Generally, derivatives are reported at fair value in other assets and other liabilities. The measurement of fair value is based on actively quoted market prices, if available. Otherwise, we seek indicative price information from external sources, including broker quotes and industry publications. For individual contracts, the use of differing assumptions could have a material effect on the contract’s estimated fair value.

Patronage Capital

We are organized and operate as a cooperative. Patronage capital represents our retained net margins, which have been allocated to our members based upon their respective power purchases in accordance with our bylaws. Any distributions of patronage capital are subject to the discretion of our board of directors and the restrictions contained in our Indenture. See Note 10—Long-term Debt for discussion of the restrictions contained in the Indenture.

We operate on a not-for-profit basis and, accordingly, seek to generate revenues sufficient to recover our cost of service and produce margins sufficient to establish reasonable reserves, meet financial coverage requirements, and accumulate additional equity approved by our board of directors. Revenues in excess of expenses in any year are designated as net margin attributable to ODEC on our Consolidated Statements of Revenues, Expenses, and Patronage Capital. We designate retained net margins attributable to ODEC on our Consolidated Balance Sheet as patronage capital, which we assign to each of our members on the basis of its class of membership and business with us.

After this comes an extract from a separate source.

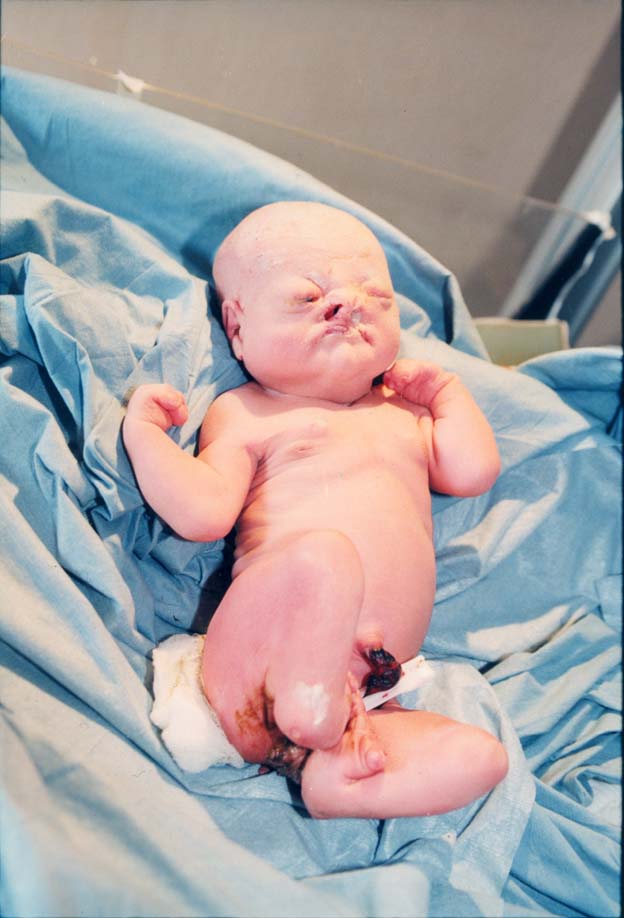 Baby born in Iraq with birth deformities (Photo credit: Karen Robinson)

On December 14, 2021, our board of directors approved an additional equity contribution of $8.7 million, and subsequently declared a patronage capital retirement of $8.7 million. As a result of the December 14, 2021 declaration, we reduced patronage capital and increased accounts payable–members by $8.7 million. The $8.7 million patronage capital retirement was paid on March 25, 2022.

Concentrations of Credit Risk

Financial instruments that potentially subject us to concentrations of credit risk consist of cash equivalents, investments, derivatives, and receivables arising from sales to our members and non-members. Concentrations of credit risk with respect to receivables arising from sales to our member distribution cooperatives as reflected by accounts receivable–members were $108.2 million and $111.8 million, as of December 31, 2023 and 2022, respectively.

Segment

We are organized for the purpose of supplying the power our member distribution cooperatives require to serve their customers on a cost-effective basis. Our President and CEO serves as our chief decision-maker who manages and reviews our operating results as one operating, and therefore one reportable, segment. We supply our member distribution cooperatives’ energy and demand requirements through a portfolio of resources including generating facilities, physically-delivered forward power purchase contracts, and spot market energy purchases.

Cash and Cash Equivalents

For purposes of our Consolidated Statements of Cash Flows, we consider all unrestricted highly liquid debt instruments purchased with an original maturity of three months or less to be cash equivalents.

New Accounting Pronouncements

In November 2023, the FASB issued ASU 2023-07 - Segment Reporting - Improvements to Reportable Segment Disclosures. This guidance is effective for fiscal years beginning after December 15, 2023. We do not believe this ASU will have a material impact on our financial statements.